◆ **Excerpted data**:
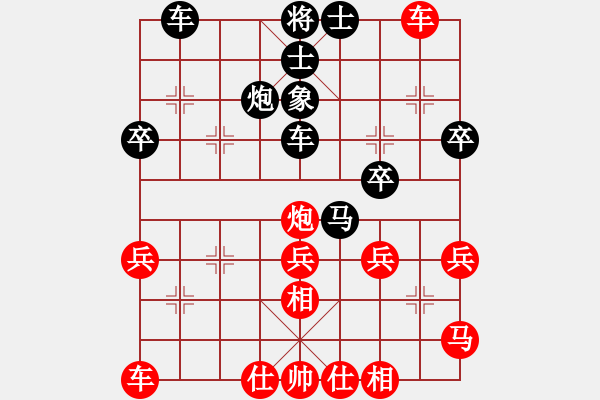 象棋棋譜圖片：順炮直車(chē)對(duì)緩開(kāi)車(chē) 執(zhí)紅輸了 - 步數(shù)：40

==

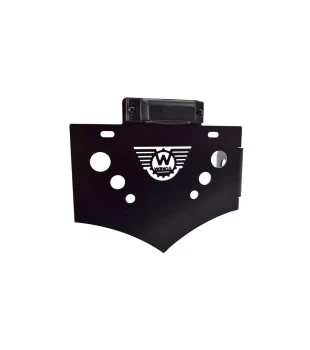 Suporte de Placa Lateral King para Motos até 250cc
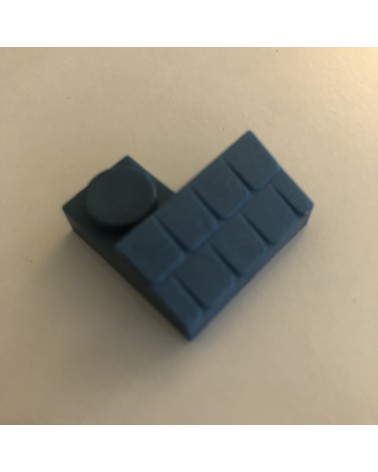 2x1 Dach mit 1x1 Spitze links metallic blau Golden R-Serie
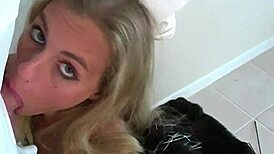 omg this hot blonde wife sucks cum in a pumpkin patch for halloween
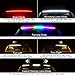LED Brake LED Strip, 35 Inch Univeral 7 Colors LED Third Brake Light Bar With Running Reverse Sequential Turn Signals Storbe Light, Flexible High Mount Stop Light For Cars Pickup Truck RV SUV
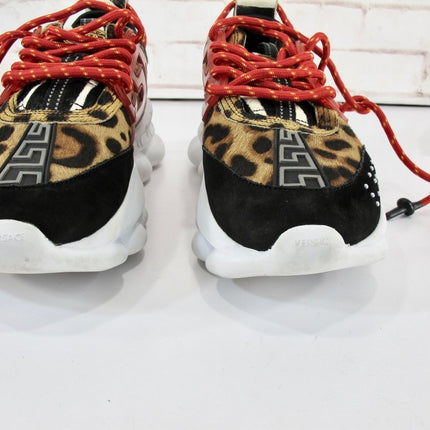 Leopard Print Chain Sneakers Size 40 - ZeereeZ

◆ **What you have to do**: Reproduce the data above exactly, but only from the line containing "omg this hot" through the line containing "Leopard Print Chain"; skip the pictures.

◆ **Exercise output**:
 omg this hot blonde wife sucks cum in a pumpkin patch for halloween
LED Brake LED Strip, 35 Inch Univeral 7 Colors LED Third Brake Light Bar With Running Reverse Sequential Turn Signals Storbe Light, Flexible High Mount Stop Light For Cars Pickup Truck RV SUV
 Leopard Print Chain Sneakers Size 40 - ZeereeZ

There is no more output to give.